Chinese stocks have taken a hit this week, as coronavirus fears ramp up. Shanghai-based travel firm Trip.com Group Ltd (NASDAQ:TCOM) is one name that's taken a big hit, with the stock down 6.9% today at $31.89, pacing for its fourth straight drop -- its longest losing streak since an eight-day stretch back in November.
Against this backdrop, put volume has picked up on TCOM stock, with 26,000 puts on the tape today -- 10 times what's typically seen at this point in the session, and five times the number of calls traded. The February 26 put is most active, and it looks like new positions are being purchased here for a volume-weighted average price of $0.20.

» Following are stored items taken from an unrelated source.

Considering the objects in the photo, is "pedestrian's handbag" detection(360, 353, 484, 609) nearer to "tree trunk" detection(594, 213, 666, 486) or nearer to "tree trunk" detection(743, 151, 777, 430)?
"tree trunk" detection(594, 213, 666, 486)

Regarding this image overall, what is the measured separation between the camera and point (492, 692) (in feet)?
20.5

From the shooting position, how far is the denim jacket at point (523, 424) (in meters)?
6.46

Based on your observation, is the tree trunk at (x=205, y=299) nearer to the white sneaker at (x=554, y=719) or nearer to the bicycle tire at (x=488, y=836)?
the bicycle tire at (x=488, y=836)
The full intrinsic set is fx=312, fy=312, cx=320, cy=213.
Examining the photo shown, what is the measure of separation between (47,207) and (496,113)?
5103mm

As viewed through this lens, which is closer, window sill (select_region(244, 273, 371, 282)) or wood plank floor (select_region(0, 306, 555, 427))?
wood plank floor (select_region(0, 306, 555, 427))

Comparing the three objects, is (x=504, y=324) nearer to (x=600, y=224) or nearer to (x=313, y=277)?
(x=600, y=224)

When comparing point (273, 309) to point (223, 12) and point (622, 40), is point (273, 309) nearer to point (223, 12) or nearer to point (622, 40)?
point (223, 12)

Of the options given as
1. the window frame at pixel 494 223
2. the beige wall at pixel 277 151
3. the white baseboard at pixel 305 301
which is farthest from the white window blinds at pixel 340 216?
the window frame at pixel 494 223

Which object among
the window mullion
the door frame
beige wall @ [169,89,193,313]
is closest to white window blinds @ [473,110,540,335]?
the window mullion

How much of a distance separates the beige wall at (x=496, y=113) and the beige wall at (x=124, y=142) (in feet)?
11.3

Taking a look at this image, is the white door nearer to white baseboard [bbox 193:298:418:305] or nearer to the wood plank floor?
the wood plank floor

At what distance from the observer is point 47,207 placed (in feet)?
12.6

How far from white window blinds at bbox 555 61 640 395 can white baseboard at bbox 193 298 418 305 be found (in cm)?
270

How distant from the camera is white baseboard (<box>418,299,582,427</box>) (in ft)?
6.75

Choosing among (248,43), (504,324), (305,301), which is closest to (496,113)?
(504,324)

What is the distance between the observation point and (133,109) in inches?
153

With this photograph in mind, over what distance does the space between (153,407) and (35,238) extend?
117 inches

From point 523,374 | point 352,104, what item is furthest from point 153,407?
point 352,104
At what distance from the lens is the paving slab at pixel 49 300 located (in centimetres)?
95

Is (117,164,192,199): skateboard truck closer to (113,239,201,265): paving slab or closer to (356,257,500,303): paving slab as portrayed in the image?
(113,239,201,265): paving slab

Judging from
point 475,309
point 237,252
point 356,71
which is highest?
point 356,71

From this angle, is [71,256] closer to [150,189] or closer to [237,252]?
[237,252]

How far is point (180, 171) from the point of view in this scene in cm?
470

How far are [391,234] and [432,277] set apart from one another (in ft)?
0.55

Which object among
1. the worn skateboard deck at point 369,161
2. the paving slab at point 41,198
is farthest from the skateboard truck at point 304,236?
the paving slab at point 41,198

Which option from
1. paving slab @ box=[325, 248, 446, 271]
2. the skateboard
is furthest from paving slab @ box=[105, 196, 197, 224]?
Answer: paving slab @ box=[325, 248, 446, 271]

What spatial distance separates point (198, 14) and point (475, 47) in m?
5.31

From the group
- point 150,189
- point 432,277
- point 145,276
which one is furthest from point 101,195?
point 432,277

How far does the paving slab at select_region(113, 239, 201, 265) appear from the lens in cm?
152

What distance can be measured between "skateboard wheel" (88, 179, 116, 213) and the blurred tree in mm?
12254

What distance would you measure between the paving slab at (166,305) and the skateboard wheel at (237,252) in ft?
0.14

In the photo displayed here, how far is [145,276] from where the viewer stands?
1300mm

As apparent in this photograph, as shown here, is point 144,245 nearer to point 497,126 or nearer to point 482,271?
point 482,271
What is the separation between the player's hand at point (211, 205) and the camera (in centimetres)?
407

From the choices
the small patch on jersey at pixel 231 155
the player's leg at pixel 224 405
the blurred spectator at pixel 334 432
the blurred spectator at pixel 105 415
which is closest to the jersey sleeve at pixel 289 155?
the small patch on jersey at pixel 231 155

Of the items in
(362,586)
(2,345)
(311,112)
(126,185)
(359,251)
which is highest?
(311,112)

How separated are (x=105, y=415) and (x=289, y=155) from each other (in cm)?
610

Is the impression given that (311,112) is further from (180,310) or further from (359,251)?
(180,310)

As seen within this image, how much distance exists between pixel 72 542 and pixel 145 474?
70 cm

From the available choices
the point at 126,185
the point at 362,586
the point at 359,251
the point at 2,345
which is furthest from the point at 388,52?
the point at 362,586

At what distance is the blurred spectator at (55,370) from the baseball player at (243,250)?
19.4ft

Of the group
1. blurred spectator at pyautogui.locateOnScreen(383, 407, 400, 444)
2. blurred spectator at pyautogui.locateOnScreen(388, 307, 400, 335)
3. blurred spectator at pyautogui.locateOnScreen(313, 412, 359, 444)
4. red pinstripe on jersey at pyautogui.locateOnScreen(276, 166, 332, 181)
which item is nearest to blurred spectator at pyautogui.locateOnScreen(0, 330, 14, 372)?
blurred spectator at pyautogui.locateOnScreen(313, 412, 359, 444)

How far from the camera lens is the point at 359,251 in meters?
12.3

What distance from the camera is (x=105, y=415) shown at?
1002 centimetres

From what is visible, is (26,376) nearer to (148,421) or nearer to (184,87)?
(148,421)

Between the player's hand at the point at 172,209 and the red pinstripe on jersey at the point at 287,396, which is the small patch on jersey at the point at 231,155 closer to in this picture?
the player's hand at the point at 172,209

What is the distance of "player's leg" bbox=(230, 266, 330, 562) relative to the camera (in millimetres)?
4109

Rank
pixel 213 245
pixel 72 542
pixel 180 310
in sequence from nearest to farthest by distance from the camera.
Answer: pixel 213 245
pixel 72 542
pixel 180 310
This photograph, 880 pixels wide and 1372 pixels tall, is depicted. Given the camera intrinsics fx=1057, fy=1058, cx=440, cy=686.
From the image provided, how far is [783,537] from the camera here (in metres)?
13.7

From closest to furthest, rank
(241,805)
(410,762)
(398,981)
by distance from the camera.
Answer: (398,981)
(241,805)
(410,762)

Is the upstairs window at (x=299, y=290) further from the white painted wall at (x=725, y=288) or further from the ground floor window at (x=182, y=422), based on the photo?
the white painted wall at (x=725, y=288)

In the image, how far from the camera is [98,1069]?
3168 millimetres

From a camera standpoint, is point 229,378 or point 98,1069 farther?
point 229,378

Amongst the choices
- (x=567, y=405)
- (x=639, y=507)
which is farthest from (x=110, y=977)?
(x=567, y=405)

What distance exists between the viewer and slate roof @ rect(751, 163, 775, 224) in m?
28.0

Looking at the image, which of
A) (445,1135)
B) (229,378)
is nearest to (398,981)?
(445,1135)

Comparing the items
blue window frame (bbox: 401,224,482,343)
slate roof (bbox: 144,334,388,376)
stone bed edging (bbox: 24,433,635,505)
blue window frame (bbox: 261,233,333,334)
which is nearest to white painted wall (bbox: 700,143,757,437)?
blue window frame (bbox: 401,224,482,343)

If this is the case, breakeven for the put buyers at the close on Friday, Feb. 21 -- when the front-month options expire -- is $25.80 (strike less premium paid). Profit will accumulate on a move below here, while the most the speculators stand to lose is the initial premium paid, should TCOM close above the strike at expiration.

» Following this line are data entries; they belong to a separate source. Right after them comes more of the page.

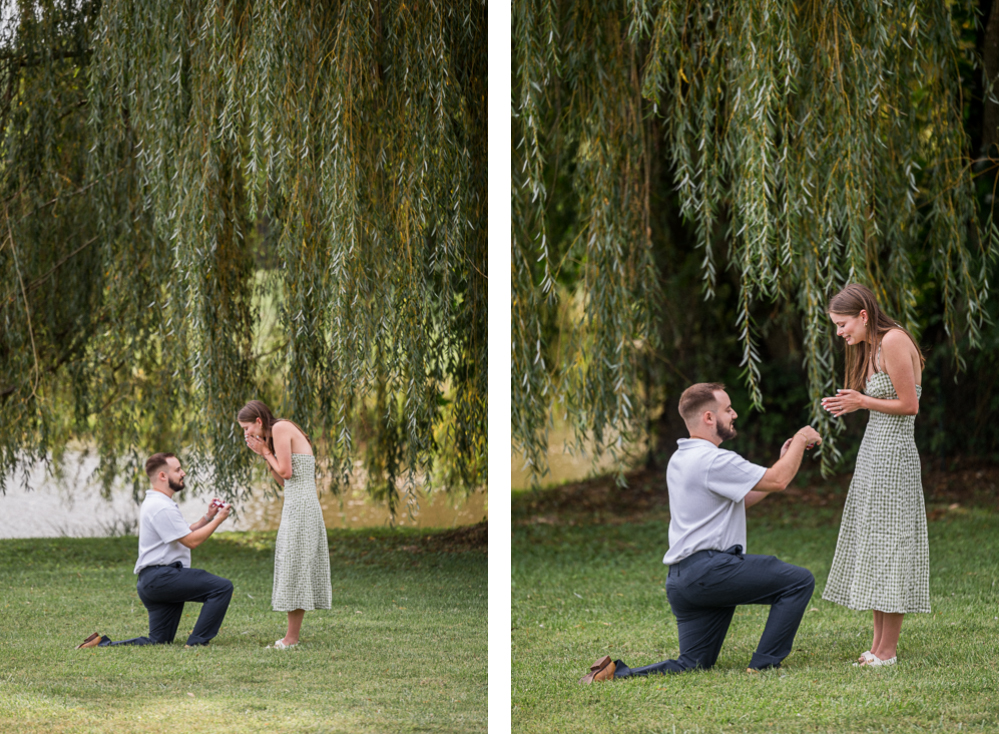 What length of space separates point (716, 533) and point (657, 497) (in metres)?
4.66

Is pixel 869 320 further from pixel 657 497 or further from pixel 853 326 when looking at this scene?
pixel 657 497

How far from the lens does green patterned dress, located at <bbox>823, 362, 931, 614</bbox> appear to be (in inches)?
116

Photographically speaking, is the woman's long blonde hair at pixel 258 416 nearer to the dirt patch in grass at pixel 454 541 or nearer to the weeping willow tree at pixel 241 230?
the weeping willow tree at pixel 241 230

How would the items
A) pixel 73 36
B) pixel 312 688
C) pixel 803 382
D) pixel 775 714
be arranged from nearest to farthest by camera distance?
pixel 775 714, pixel 312 688, pixel 73 36, pixel 803 382

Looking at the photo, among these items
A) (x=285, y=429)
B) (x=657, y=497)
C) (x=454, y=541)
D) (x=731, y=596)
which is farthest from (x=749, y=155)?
(x=657, y=497)

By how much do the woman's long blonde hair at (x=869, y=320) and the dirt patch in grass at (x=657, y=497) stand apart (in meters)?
3.74

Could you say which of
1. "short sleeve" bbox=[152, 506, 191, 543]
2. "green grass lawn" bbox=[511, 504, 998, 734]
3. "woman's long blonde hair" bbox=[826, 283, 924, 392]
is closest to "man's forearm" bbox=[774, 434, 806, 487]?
"woman's long blonde hair" bbox=[826, 283, 924, 392]

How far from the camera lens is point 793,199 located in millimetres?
3166

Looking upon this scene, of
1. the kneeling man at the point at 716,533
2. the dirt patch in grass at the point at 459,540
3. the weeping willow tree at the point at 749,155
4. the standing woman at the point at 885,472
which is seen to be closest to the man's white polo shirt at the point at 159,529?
the weeping willow tree at the point at 749,155

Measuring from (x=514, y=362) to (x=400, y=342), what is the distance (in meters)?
0.43

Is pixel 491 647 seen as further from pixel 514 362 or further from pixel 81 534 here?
pixel 81 534

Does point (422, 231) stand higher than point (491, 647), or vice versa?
point (422, 231)

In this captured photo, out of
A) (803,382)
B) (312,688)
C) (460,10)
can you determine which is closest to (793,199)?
(460,10)

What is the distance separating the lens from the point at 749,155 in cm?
308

Bears have already been circling TCOM in recent weeks. At the International Securities Exchange (ISE), Cboe Options Exchange (CBOE), and NASDAQ OMX PHLX (PHLX), the stock's 10-day put/call volume ratio of 1.38 ranks in the 78th annual percentile, meaning puts have been bought to open over calls at a quicker-than-usual clip.

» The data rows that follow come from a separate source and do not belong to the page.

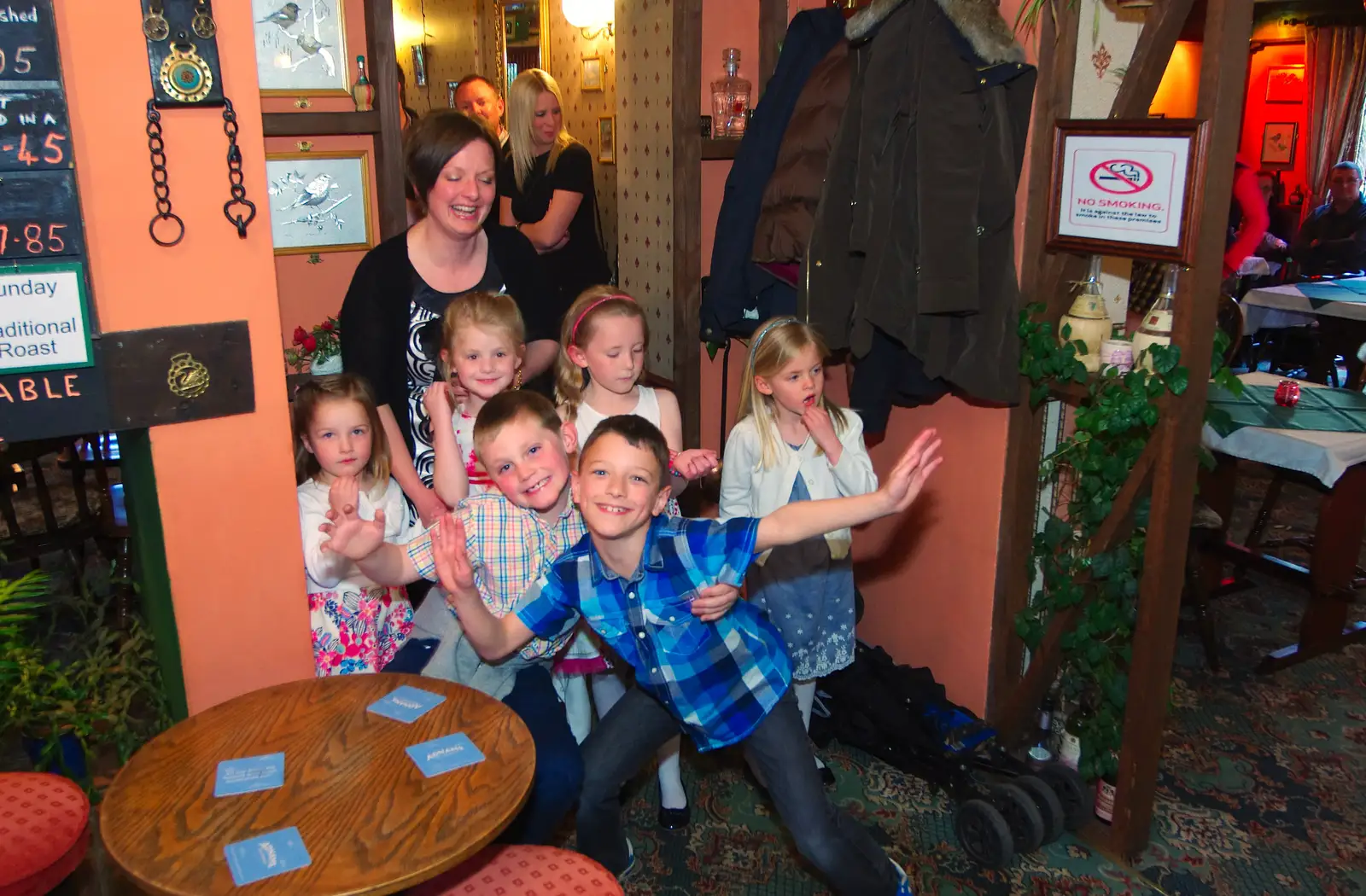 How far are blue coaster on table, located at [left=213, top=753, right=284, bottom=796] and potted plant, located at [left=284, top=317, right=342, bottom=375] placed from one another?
1.92 m

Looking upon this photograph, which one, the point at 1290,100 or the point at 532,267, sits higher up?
the point at 1290,100

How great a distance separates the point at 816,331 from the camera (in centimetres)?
285

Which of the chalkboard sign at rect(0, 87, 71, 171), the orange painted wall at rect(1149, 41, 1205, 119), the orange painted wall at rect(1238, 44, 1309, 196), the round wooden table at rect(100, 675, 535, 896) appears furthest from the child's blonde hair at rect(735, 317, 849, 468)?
the orange painted wall at rect(1238, 44, 1309, 196)

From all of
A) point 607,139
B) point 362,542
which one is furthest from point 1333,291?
point 362,542

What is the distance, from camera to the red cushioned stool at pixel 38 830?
176cm

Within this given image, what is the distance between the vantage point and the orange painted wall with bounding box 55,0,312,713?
1.78 m

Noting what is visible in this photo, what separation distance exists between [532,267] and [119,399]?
1.33 m

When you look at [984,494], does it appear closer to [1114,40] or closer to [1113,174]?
[1113,174]

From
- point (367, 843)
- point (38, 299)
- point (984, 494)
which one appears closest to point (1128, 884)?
point (984, 494)

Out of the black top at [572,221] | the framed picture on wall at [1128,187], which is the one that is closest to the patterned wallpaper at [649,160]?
the black top at [572,221]

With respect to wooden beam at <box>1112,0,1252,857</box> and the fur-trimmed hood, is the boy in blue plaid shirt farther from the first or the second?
the fur-trimmed hood

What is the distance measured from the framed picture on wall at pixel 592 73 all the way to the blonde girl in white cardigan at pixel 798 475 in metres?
4.21

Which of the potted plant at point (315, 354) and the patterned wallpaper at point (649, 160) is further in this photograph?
the patterned wallpaper at point (649, 160)

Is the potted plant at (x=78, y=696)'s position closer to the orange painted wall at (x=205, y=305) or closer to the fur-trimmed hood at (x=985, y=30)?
the orange painted wall at (x=205, y=305) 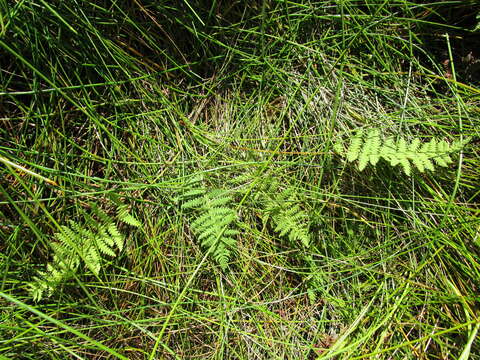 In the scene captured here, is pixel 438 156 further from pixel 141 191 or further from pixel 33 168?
pixel 33 168

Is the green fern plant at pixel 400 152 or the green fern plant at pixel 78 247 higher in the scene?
the green fern plant at pixel 400 152

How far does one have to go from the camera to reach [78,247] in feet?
6.17

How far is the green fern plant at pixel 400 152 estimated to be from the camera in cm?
179

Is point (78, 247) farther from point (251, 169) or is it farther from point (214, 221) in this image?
point (251, 169)

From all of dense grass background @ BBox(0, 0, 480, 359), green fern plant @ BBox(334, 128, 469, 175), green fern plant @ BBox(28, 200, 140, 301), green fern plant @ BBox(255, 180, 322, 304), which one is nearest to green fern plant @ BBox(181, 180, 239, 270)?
dense grass background @ BBox(0, 0, 480, 359)

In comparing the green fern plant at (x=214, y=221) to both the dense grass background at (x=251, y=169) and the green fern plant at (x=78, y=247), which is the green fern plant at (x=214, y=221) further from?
the green fern plant at (x=78, y=247)

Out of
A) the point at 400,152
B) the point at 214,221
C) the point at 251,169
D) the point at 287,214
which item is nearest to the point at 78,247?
the point at 214,221

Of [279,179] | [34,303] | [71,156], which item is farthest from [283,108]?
[34,303]

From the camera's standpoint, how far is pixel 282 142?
211cm

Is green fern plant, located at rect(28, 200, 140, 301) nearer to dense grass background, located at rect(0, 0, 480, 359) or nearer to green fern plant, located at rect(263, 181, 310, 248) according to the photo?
dense grass background, located at rect(0, 0, 480, 359)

Looking at the charts, it's been a volatile stretch for the Chinese stock, per its 30-day historical volatility of 56.3% -- in the elevated 92nd annual percentile. The shares had been chopping higher atop a trendline connecting lower highs since late November, but are now trading below this trendline, as well as their 80-day and 120-day moving averages, following this week's slide.